Task objective: For this listing, reproduce the line with "Thymes Nourishing Body", the line with "Schattige Fox Rider", and the lines between, exactly as they stand. Leave out pictures and all other lines.

Data records:
________
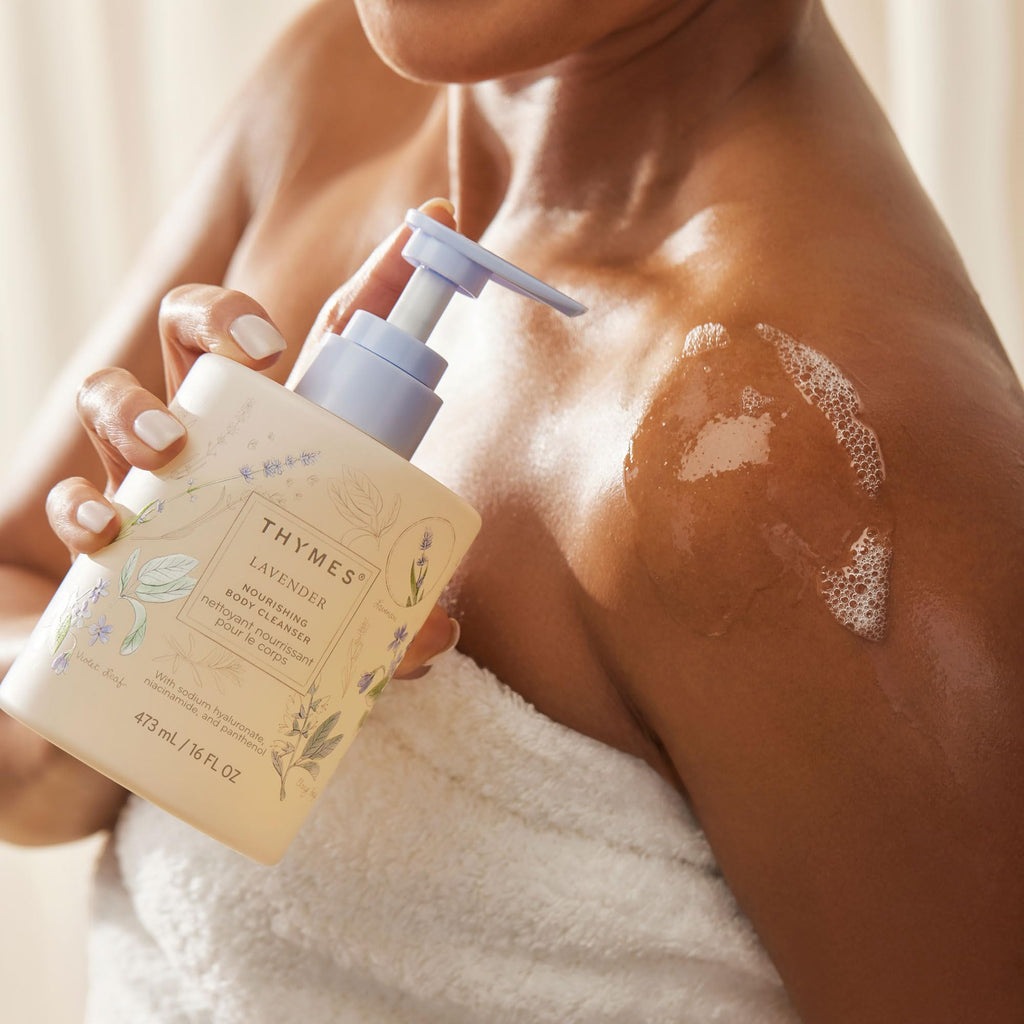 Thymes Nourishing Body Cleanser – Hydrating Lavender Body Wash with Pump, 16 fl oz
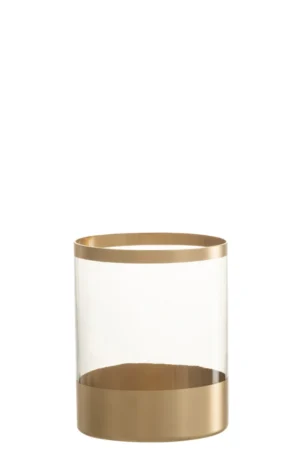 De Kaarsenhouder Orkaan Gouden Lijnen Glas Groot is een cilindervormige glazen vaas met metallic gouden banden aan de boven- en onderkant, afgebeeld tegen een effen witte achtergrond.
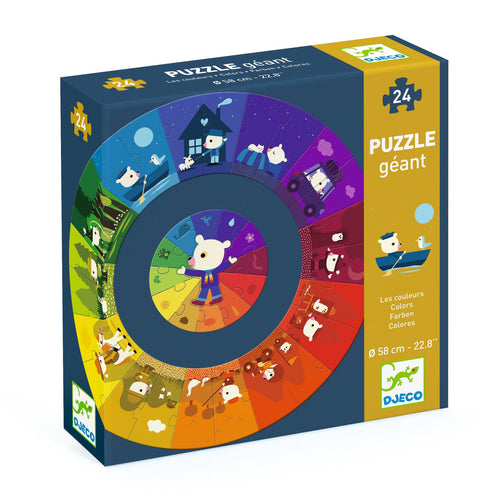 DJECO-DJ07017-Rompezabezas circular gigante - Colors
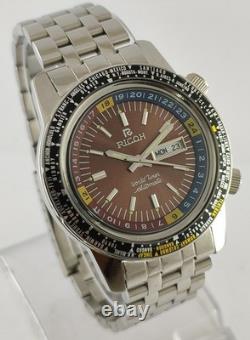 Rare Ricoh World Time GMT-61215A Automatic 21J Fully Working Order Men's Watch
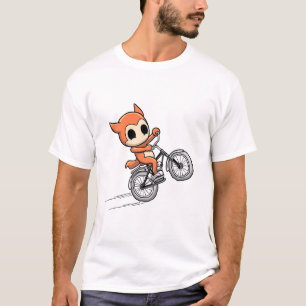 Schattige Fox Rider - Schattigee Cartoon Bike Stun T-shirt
________
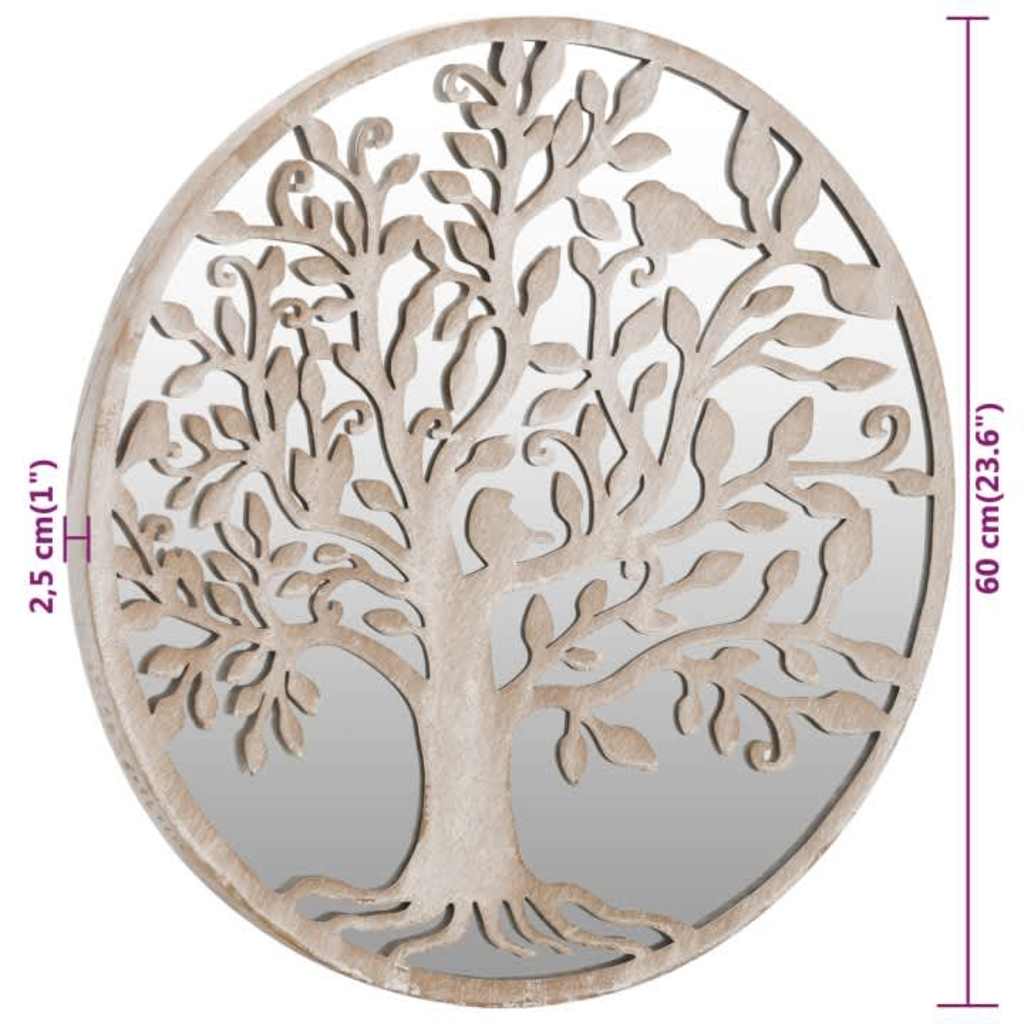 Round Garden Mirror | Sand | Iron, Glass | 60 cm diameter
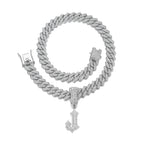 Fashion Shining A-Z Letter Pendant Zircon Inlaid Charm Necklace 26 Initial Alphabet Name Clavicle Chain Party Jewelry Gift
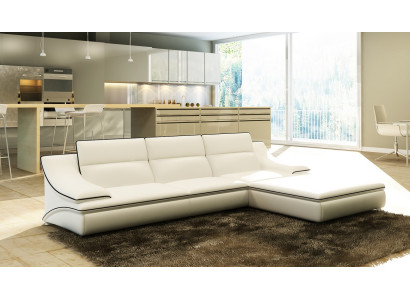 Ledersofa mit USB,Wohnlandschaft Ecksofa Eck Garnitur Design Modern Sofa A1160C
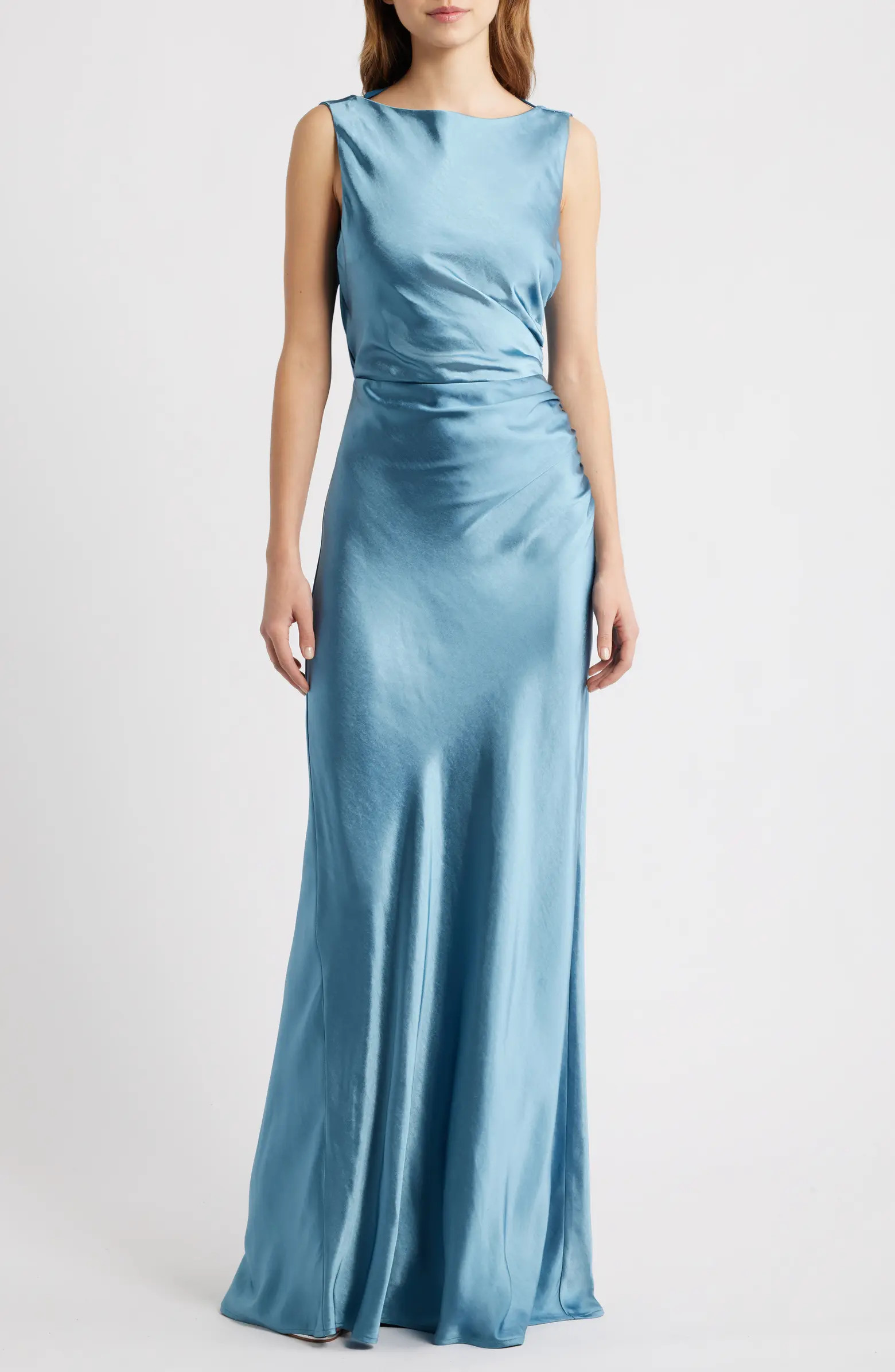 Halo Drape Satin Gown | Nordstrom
________
Answer for this exercise:
 Thymes Nourishing Body Cleanser – Hydrating Lavender Body Wash with Pump, 16 fl oz
 De Kaarsenhouder Orkaan Gouden Lijnen Glas Groot is een cilindervormige glazen vaas met metallic gouden banden aan de boven- en onderkant, afgebeeld tegen een effen witte achtergrond.
 DJECO-DJ07017-Rompezabezas circular gigante - Colors
 Rare Ricoh World Time GMT-61215A Automatic 21J Fully Working Order Men's Watch
 Schattige Fox Rider - Schattigee Cartoon Bike Stun T-shirt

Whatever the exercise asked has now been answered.